Court Finds Alleged Incidents Did Not “Materially” Change Her Working Conditions
A federal appellate court recently upheld the dismissal of a lawsuit brought by an African American postal employee who claimed that she was discriminated against based on her race and gender. The Sixth Circuit Court of Appeals found that her discrimination claims failed because there was no “adverse action.” The court also rejected the worker’s hostile environment claim because she did not show that her supervisor’s actions were sufficiently “severe or pervasive.” Brown v. Potter, No. 12-1895, Sixth Circuit Court of Appeals (March 5, 2013).
Alicia Brown worked as a customer service manager at the Wayne Post Office in Westland, Michigan from 2006 until 2010. Brown alleged that for a year and a half her supervisor, Kevin Brandon, singled her out for disparate treatment and unlawful discrimination.
Beginning in May 2007, Brandon openly criticized Brown’s work in a meeting attended by other senior post office managers. Later that month, he denied her request for training. In June 2007, Brandon began dictating which shift Brown would be required to work, contrary to the practice of other managers who were free to select their own shifts and hours.

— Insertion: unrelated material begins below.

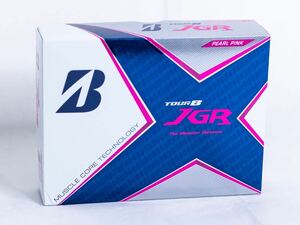 JGR TOUR B ゴルフボール ブリヂストン パールピンク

In January 2008, Brandon denied Brown’s request to take mandatory rural mail count training, though he had approved the same training for Westland employees and other postal employees in the area. He also allegedly tried to make Brown work longer hours, called her a liar, and began requiring his secretary to maintain a file of his correspondence with Brown.

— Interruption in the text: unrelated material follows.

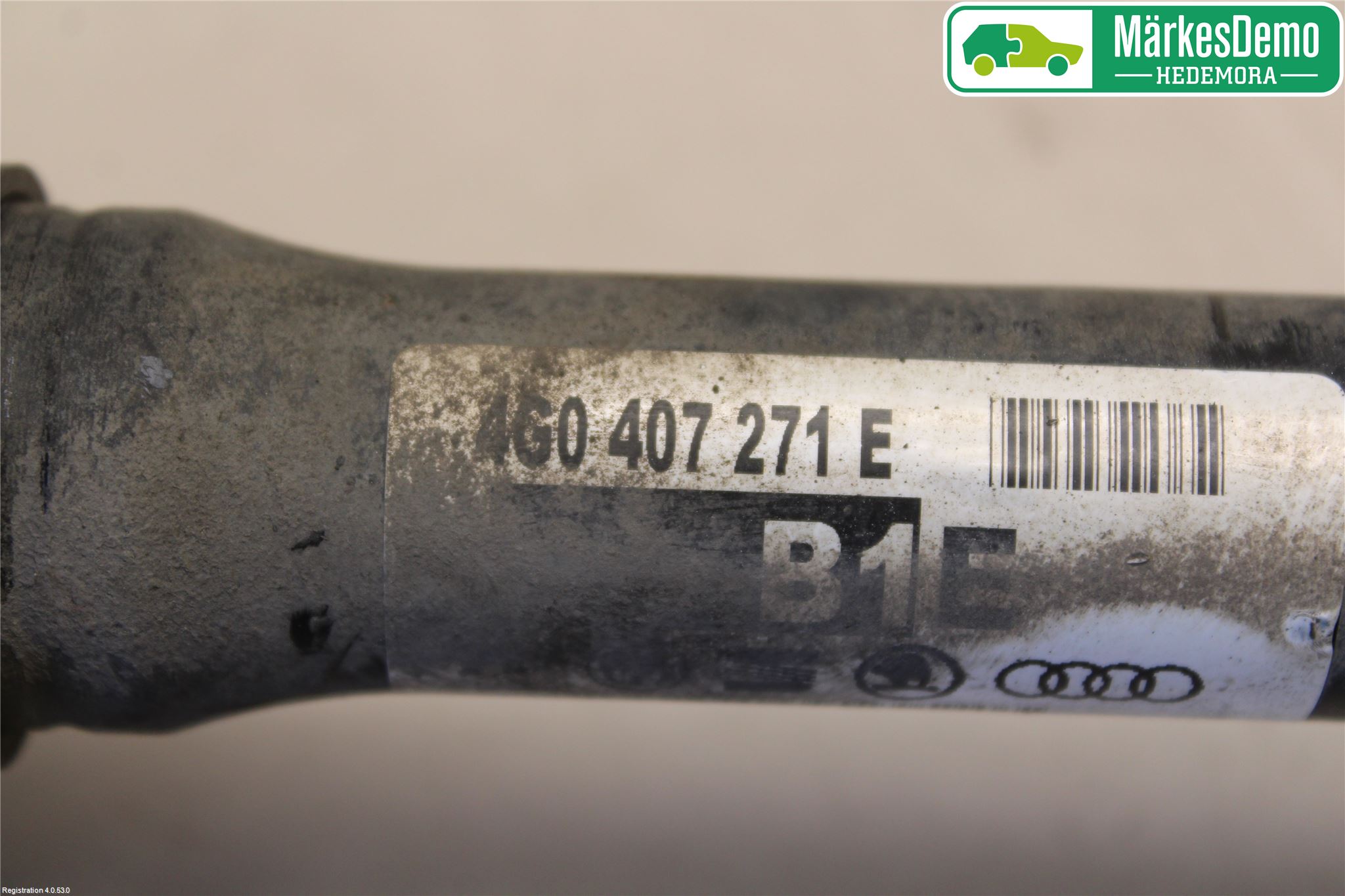 Audi A6/S6 4G 11-18 Drivaxel Fram Vänster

On November 4, 2008, Brown voluntarily transferred to the Dearborn, Michigan facility, with the same title and pay, but at a lower grade level. The next day, Brandon sent two emails to a manager at Dearborn, Cheryl Skotak, calling Brown a “peach,” saying she was “stupid,” and asking Skotak to “make sure [Brown] fails miserably.” That same day, Brown filed a charge with the Equal Employment Opportunity Commission and, not long after, a lawsuit against the Postal Service in federal court.
Brown’s complaint raised several theories of relief, including disparate treatment bias based on race and gender and hostile work environment. The trial judge rejected all of her claims and Brown appealed this decision.
The Sixth Circuit first addressed Brown’s disparate treatment claim, which was based on three incidents: Brandon’s attempt to require Brown to work a 12-hour shift on Mondays; Brown’s decision to take an assignment at Dearborn on November 4; and the November 5 “peach” emails.
The Sixth Circuit found that none of the incidents in question rose to the level of an “adverse action” that would cause a “materially adverse change” in Brown’s employment conditions. She had transferred to Dearborn voluntarily, her position was substantially the same as her old one (differing only in grade level), the proposed change to her Monday hours had never materialized, and Brandon’s email to Skotak had no effect on “the terms or conditions of [her] employment.” According to the court, “[i]n the absence of an adverse action, Brown has no threshold case.”
The Sixth Circuit next addressed Brown’s hostile work environment claim. Even though Brown and Brandon “did not get along” and Brandon was not an “ideal boss,” the Sixth Circuit noted that Title VII does not create a workplace “civility code.” Moreover, the court found that Brandon’s comments and Brown’s complaints about training and staffing were not “severe or pervasive enough to create an environment that both she and a reasonable employee would find hostile or abusive.” Thus, the court upheld the dismissal of both her discrimination and hostile work environment claims.
According to Michelle LeBeau, a shareholder in the Detroit Metro office of Ogletree Deakins: “This case highlights the importance of satisfying the evidentiary burden in disparate treatment cases. The court found no evidence of an ‘adverse action’; thus, the worker’s claim was dismissed. To prevent conflicts from escalating to the level of a Title VII violation, however, employers should immediately intervene when they become aware of objectively abusive or discriminatory conduct, even absent a complaint. In addition, supervisors should be trained to identify unacceptable conduct and respond appropriately.”